- What you are asked to do
Begin at the line below that holds "DONORO Dog Playpen" and end at the line that holds "WebSite Audit Review", transcribing each line exactly and skipping any picture.

*** Record extracts Section Begins ***

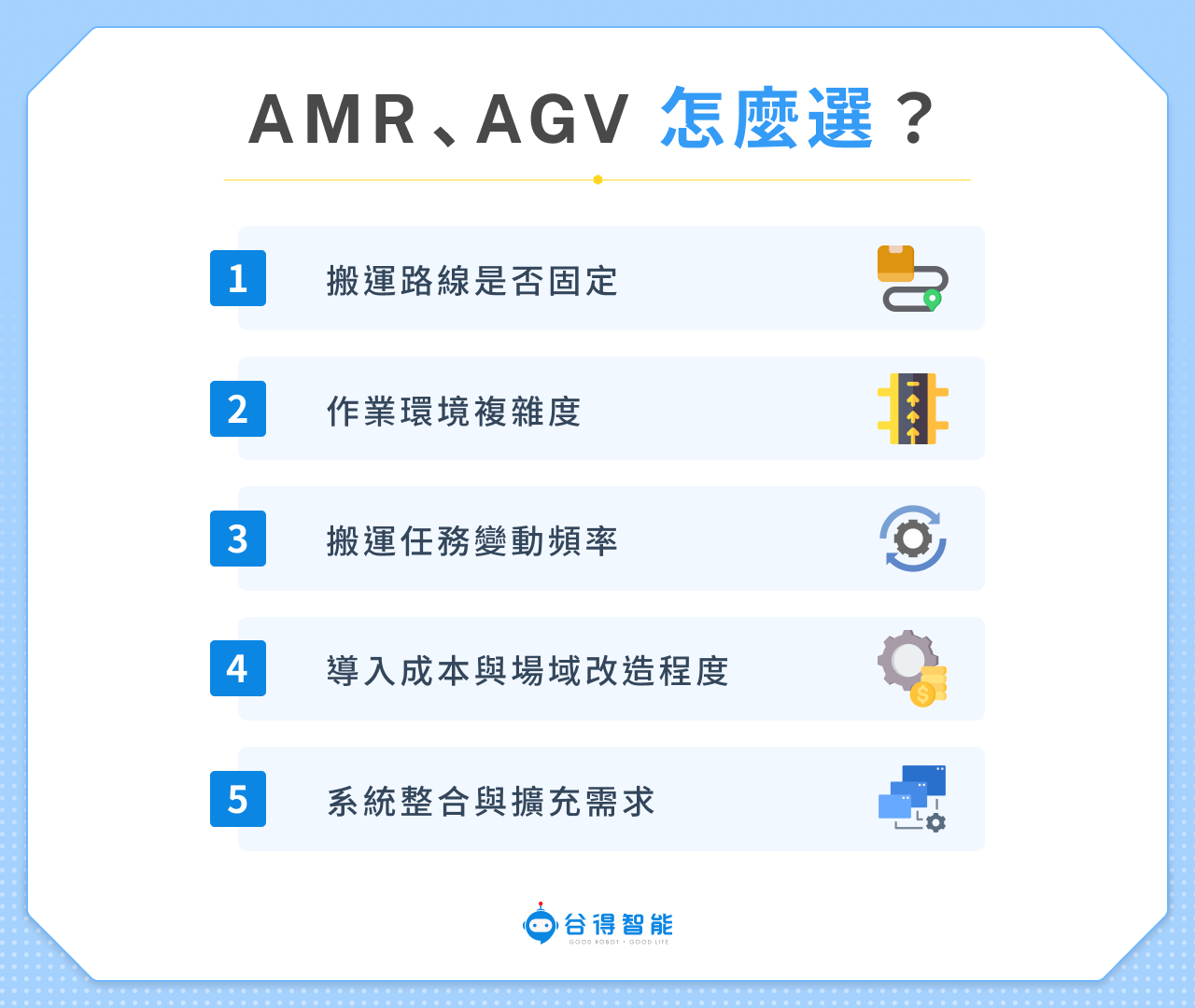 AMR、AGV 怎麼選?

*** Record extracts Section Ends ***
*** Record extracts Section Begins ***

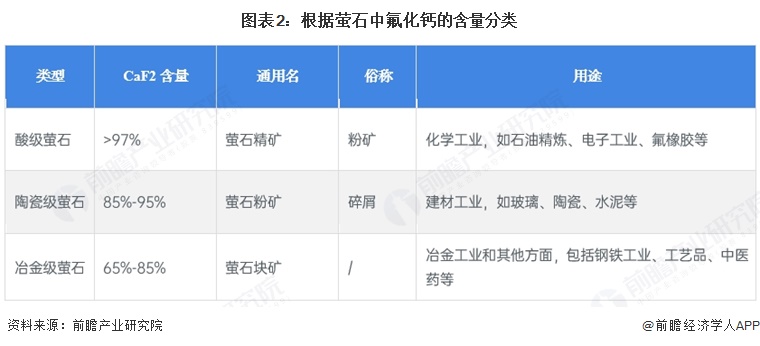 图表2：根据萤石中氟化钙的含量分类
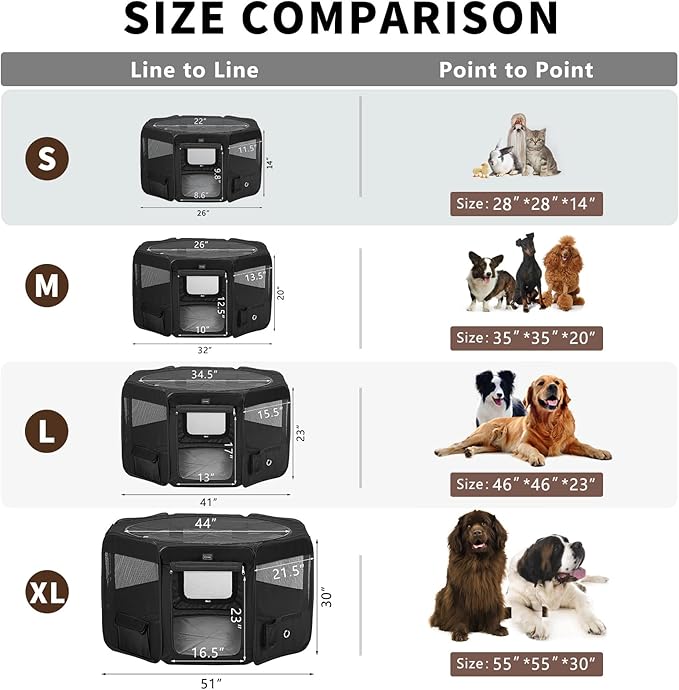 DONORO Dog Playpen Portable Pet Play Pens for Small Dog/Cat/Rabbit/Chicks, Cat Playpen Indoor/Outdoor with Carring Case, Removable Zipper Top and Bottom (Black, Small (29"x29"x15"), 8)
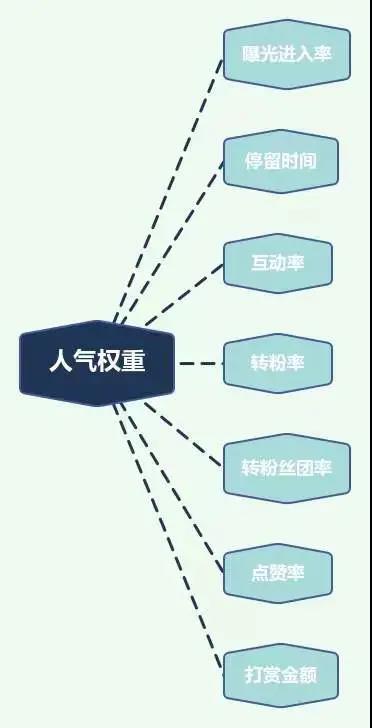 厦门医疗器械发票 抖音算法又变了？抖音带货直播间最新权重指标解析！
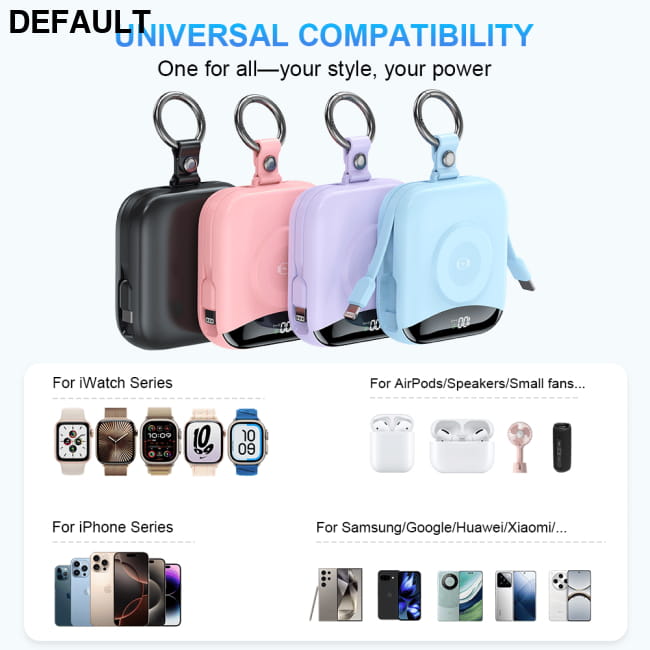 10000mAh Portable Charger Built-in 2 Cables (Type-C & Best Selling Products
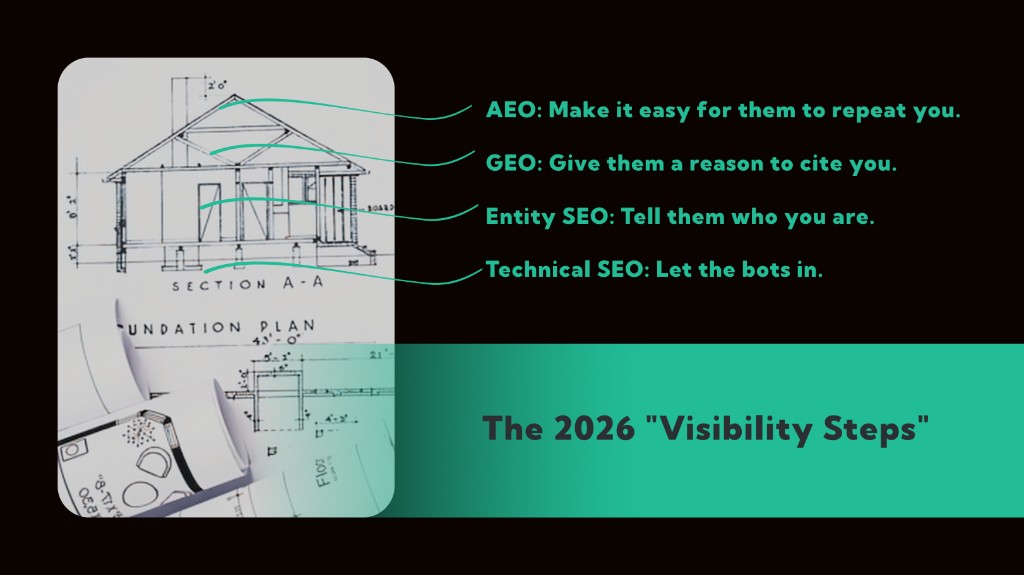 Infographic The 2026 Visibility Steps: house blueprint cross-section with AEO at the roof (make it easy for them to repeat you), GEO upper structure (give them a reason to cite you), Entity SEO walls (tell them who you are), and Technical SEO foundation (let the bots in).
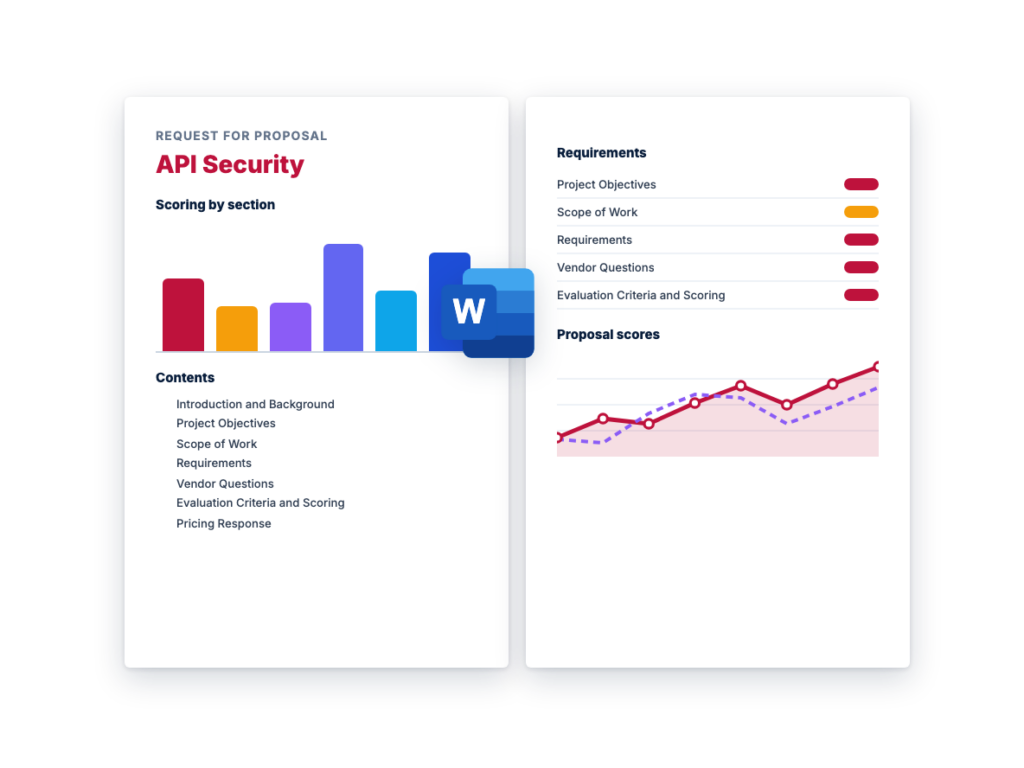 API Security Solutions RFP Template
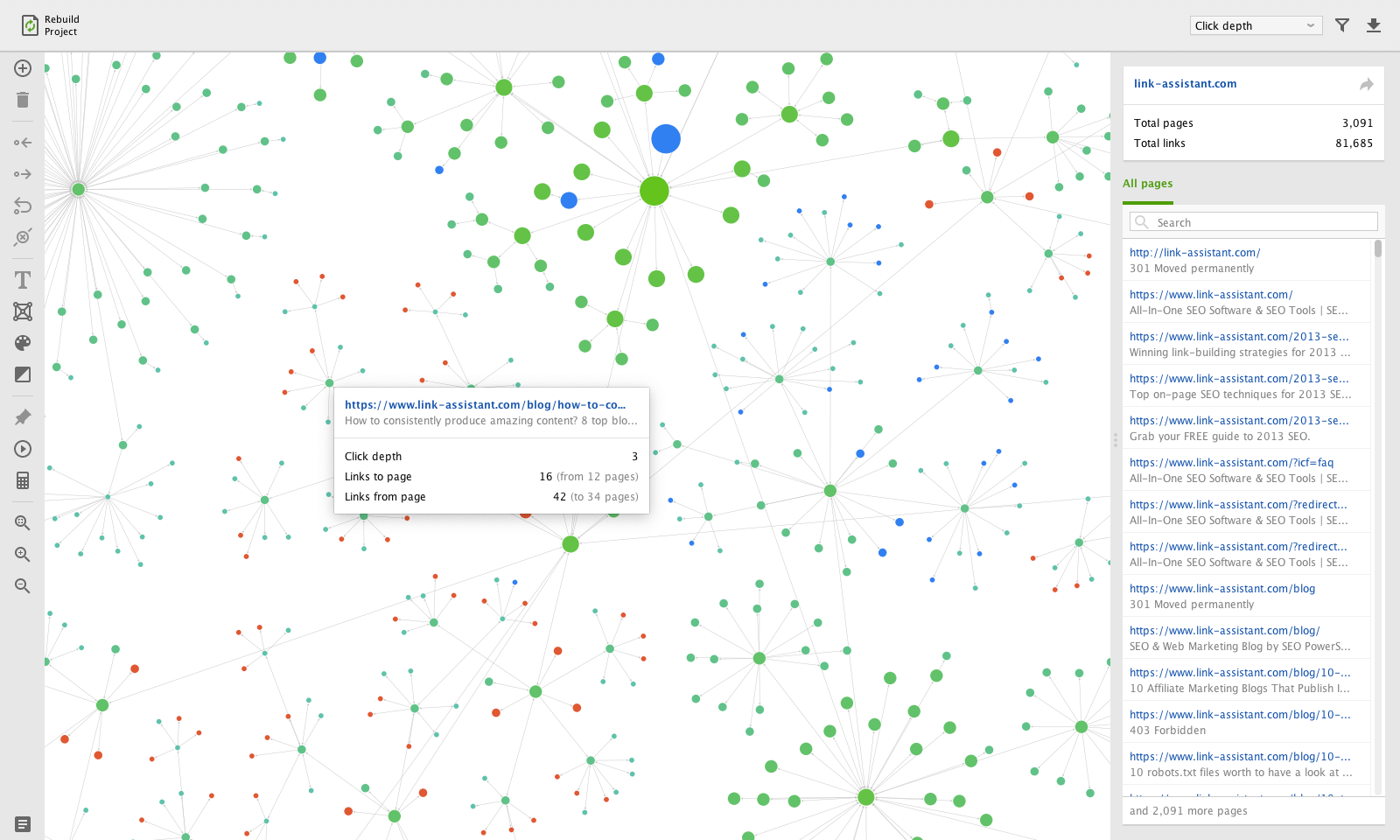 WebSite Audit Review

*** Record extracts Section Ends ***

- Output
 DONORO Dog Playpen Portable Pet Play Pens for Small Dog/Cat/Rabbit/Chicks, Cat Playpen Indoor/Outdoor with Carring Case, Removable Zipper Top and Bottom (Black, Small (29"x29"x15"), 8)
 厦门医疗器械发票 抖音算法又变了？抖音带货直播间最新权重指标解析！
 10000mAh Portable Charger Built-in 2 Cables (Type-C & Best Selling Products
 Infographic The 2026 Visibility Steps: house blueprint cross-section with AEO at the roof (make it easy for them to repeat you), GEO upper structure (give them a reason to cite you), Entity SEO walls (tell them who you are), and Technical SEO foundation (let the bots in).
 API Security Solutions RFP Template
 WebSite Audit Review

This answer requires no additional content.